HOW TO COMPLETE THIS TASK: Only one stretch of the records below should be repeated. It starts with the line containing "Style 1984 Womens" and goes on through the line containing "Ancient hemispherical Indian", exactly as written.

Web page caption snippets
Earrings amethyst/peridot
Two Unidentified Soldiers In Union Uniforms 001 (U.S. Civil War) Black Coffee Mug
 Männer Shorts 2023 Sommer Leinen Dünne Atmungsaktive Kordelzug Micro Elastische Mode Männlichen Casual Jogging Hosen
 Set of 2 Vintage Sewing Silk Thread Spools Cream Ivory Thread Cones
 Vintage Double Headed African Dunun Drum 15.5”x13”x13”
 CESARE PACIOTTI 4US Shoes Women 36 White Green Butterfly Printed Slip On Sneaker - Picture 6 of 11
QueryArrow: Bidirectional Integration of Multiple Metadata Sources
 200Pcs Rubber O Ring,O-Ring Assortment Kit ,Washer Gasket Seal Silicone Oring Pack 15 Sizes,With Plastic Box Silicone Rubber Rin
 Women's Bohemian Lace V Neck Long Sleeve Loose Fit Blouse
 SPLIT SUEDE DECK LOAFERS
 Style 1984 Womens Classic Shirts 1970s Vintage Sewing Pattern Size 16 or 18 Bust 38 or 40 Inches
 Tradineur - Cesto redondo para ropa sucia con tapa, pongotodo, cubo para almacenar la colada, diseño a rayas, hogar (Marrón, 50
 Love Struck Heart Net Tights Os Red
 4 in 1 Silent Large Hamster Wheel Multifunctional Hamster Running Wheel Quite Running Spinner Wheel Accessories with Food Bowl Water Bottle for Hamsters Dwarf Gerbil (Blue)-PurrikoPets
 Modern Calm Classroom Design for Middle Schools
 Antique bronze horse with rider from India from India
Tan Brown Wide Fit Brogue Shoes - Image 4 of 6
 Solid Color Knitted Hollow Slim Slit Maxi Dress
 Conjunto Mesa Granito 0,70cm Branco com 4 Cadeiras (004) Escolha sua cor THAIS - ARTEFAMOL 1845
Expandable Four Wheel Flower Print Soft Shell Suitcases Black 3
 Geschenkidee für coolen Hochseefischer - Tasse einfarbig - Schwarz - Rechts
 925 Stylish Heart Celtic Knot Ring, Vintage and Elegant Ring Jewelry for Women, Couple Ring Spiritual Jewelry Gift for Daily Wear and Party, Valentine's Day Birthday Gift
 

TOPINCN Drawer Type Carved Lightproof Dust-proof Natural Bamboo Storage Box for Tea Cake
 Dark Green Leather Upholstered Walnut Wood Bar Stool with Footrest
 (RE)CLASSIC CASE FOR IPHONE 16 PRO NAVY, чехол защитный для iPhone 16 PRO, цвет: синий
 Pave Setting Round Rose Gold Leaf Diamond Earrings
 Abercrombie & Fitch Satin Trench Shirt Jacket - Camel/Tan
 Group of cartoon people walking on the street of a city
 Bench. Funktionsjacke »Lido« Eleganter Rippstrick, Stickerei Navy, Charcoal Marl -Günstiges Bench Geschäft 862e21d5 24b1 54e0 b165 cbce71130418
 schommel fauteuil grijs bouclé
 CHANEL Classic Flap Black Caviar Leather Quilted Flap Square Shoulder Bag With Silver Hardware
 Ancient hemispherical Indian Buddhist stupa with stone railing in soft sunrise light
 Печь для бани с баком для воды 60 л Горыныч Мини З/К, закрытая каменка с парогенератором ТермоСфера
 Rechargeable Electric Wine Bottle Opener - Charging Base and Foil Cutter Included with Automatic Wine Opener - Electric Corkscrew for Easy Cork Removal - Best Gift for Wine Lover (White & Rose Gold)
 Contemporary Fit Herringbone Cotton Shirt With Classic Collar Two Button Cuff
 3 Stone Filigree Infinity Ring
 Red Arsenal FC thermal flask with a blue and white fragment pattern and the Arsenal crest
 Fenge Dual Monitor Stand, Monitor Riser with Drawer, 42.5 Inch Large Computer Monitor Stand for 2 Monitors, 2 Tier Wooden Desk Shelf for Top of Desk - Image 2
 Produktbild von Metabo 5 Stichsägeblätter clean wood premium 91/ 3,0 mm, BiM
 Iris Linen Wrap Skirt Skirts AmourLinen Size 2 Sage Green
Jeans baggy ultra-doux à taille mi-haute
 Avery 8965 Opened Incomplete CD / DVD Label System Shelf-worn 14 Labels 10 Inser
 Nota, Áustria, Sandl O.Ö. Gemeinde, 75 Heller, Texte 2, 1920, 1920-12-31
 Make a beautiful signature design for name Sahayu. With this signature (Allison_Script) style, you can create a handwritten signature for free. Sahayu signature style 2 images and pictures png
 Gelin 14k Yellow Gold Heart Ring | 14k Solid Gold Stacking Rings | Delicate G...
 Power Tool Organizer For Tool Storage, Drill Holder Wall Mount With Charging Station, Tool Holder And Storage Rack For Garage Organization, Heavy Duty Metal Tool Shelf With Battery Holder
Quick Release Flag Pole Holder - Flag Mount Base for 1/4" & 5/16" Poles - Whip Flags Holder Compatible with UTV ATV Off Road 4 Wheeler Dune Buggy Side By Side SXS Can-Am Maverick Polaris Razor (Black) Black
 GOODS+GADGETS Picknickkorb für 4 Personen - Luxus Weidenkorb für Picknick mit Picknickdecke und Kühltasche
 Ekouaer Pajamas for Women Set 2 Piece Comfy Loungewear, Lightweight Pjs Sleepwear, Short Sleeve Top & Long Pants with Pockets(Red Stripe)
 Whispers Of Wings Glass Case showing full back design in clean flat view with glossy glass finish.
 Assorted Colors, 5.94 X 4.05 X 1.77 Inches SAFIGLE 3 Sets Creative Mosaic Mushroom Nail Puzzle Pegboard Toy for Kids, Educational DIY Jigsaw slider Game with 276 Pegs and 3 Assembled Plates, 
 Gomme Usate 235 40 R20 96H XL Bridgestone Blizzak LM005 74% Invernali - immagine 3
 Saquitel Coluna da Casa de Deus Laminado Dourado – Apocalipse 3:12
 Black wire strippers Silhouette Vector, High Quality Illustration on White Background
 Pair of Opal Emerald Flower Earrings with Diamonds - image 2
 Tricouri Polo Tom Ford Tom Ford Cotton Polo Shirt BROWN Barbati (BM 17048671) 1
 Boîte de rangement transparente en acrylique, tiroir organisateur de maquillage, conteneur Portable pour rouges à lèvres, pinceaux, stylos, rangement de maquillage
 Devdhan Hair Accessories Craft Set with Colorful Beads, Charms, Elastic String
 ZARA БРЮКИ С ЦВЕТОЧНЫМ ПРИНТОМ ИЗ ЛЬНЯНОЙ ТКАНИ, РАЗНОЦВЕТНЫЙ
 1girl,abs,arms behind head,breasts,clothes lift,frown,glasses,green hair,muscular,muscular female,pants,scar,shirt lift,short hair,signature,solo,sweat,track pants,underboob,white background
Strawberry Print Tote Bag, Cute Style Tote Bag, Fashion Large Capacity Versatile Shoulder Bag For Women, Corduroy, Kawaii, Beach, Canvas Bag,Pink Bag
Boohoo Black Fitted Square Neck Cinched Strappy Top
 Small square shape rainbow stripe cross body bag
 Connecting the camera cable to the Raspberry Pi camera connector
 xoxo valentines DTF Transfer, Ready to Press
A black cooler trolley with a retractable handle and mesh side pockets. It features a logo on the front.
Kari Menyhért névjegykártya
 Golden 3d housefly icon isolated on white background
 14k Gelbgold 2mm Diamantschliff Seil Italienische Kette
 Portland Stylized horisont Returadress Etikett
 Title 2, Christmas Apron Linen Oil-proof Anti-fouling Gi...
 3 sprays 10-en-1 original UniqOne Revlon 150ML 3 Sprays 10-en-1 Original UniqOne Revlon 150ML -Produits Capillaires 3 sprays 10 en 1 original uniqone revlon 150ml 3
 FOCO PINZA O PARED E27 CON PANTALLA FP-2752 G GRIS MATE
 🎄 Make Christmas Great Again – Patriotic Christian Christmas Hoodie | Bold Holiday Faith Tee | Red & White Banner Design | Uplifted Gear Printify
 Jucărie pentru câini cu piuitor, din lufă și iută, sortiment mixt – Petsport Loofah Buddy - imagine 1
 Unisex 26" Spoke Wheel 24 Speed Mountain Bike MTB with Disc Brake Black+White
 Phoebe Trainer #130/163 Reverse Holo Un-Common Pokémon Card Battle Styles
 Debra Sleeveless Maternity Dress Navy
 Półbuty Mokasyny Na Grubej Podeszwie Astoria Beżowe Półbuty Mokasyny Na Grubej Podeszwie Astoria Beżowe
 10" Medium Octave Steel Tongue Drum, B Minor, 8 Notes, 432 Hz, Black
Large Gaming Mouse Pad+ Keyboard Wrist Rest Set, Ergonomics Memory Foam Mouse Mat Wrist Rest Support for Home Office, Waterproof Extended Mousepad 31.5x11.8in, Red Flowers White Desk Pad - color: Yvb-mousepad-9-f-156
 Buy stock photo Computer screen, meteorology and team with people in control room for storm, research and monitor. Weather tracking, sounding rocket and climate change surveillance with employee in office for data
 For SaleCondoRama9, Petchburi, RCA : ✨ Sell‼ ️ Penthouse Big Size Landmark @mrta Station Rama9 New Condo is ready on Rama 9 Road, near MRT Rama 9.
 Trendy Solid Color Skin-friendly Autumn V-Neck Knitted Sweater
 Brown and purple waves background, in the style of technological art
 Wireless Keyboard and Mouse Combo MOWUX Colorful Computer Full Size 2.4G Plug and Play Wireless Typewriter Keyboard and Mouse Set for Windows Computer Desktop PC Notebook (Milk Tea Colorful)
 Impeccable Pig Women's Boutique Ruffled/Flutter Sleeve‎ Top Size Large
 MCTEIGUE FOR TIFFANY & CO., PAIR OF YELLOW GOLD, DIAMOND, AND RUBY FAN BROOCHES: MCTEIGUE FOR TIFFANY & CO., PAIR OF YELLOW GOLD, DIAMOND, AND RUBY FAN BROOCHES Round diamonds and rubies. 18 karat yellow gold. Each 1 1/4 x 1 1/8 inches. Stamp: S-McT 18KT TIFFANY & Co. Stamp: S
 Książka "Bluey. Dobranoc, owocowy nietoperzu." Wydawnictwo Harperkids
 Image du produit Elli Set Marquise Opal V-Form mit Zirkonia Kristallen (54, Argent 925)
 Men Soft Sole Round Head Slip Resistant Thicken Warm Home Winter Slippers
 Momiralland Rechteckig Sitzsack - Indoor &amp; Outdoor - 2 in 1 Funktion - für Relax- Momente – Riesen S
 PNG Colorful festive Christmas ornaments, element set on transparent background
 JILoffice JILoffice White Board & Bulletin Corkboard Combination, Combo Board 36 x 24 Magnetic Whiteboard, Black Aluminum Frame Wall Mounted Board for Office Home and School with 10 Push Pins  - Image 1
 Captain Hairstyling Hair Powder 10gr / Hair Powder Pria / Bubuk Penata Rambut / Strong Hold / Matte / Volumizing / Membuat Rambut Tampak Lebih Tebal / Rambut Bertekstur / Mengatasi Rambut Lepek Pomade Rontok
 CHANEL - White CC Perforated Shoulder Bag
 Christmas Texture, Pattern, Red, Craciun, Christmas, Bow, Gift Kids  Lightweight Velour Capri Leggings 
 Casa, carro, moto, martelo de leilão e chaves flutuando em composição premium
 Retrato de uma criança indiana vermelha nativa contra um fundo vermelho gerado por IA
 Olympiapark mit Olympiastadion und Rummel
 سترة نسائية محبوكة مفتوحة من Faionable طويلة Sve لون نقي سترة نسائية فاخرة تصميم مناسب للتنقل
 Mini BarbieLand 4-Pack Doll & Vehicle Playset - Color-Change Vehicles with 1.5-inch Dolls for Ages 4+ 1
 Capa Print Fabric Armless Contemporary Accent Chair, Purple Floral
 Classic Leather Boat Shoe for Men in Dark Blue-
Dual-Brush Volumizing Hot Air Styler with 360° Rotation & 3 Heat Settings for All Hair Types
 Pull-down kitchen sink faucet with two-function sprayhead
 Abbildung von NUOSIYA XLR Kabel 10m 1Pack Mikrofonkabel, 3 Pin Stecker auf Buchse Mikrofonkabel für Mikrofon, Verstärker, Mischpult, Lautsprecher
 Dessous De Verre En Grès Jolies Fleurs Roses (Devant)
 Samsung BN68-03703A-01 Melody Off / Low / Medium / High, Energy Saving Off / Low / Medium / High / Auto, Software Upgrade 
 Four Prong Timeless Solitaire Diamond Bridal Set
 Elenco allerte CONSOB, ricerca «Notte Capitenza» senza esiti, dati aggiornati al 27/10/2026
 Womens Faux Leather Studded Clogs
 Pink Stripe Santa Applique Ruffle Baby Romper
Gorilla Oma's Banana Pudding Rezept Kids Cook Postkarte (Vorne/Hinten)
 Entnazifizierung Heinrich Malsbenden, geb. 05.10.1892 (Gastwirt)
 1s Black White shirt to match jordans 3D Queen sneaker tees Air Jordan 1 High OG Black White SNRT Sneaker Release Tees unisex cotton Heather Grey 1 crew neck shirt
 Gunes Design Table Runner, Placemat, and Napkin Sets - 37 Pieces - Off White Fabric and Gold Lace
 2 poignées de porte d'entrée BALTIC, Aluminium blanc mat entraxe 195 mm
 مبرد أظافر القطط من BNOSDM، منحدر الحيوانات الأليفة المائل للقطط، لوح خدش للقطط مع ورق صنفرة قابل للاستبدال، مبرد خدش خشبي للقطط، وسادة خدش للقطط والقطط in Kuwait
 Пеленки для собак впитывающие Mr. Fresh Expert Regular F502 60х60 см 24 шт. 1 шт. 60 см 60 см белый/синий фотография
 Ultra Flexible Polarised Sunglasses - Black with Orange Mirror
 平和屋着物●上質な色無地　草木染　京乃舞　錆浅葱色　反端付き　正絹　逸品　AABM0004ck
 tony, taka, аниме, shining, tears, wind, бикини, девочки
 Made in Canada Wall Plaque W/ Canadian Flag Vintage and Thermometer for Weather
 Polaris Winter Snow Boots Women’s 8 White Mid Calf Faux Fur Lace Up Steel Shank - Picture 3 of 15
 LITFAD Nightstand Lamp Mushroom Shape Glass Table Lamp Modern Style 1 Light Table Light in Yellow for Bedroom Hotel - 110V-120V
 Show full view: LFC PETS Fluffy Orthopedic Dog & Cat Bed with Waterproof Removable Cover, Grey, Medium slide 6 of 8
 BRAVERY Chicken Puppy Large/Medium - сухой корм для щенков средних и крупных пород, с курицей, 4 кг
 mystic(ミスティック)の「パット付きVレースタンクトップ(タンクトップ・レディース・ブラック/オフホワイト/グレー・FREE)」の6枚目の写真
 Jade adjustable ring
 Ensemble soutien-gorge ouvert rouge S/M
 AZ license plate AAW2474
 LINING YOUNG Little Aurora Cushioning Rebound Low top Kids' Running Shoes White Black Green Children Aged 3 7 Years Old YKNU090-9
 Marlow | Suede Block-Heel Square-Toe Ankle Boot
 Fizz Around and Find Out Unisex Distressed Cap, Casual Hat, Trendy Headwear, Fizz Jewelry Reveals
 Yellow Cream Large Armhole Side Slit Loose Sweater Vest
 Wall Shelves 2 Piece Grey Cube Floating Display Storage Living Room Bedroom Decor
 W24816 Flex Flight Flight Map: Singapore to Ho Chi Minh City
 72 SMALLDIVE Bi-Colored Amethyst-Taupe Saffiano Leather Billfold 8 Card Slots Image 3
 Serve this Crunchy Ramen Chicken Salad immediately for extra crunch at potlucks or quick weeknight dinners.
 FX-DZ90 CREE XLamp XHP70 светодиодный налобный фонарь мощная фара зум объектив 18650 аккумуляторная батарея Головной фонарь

THE COMPLETED TASK:
 Style 1984 Womens Classic Shirts 1970s Vintage Sewing Pattern Size 16 or 18 Bust 38 or 40 Inches
 Tradineur - Cesto redondo para ropa sucia con tapa, pongotodo, cubo para almacenar la colada, diseño a rayas, hogar (Marrón, 50
 Love Struck Heart Net Tights Os Red
 4 in 1 Silent Large Hamster Wheel Multifunctional Hamster Running Wheel Quite Running Spinner Wheel Accessories with Food Bowl Water Bottle for Hamsters Dwarf Gerbil (Blue)-PurrikoPets
 Modern Calm Classroom Design for Middle Schools
 Antique bronze horse with rider from India from India
Tan Brown Wide Fit Brogue Shoes - Image 4 of 6
 Solid Color Knitted Hollow Slim Slit Maxi Dress
 Conjunto Mesa Granito 0,70cm Branco com 4 Cadeiras (004) Escolha sua cor THAIS - ARTEFAMOL 1845
Expandable Four Wheel Flower Print Soft Shell Suitcases Black 3
 Geschenkidee für coolen Hochseefischer - Tasse einfarbig - Schwarz - Rechts
 925 Stylish Heart Celtic Knot Ring, Vintage and Elegant Ring Jewelry for Women, Couple Ring Spiritual Jewelry Gift for Daily Wear and Party, Valentine's Day Birthday Gift
 

TOPINCN Drawer Type Carved Lightproof Dust-proof Natural Bamboo Storage Box for Tea Cake
 Dark Green Leather Upholstered Walnut Wood Bar Stool with Footrest
 (RE)CLASSIC CASE FOR IPHONE 16 PRO NAVY, чехол защитный для iPhone 16 PRO, цвет: синий
 Pave Setting Round Rose Gold Leaf Diamond Earrings
 Abercrombie & Fitch Satin Trench Shirt Jacket - Camel/Tan
 Group of cartoon people walking on the street of a city
 Bench. Funktionsjacke »Lido« Eleganter Rippstrick, Stickerei Navy, Charcoal Marl -Günstiges Bench Geschäft 862e21d5 24b1 54e0 b165 cbce71130418
 schommel fauteuil grijs bouclé
 CHANEL Classic Flap Black Caviar Leather Quilted Flap Square Shoulder Bag With Silver Hardware
 Ancient hemispherical Indian Buddhist stupa with stone railing in soft sunrise light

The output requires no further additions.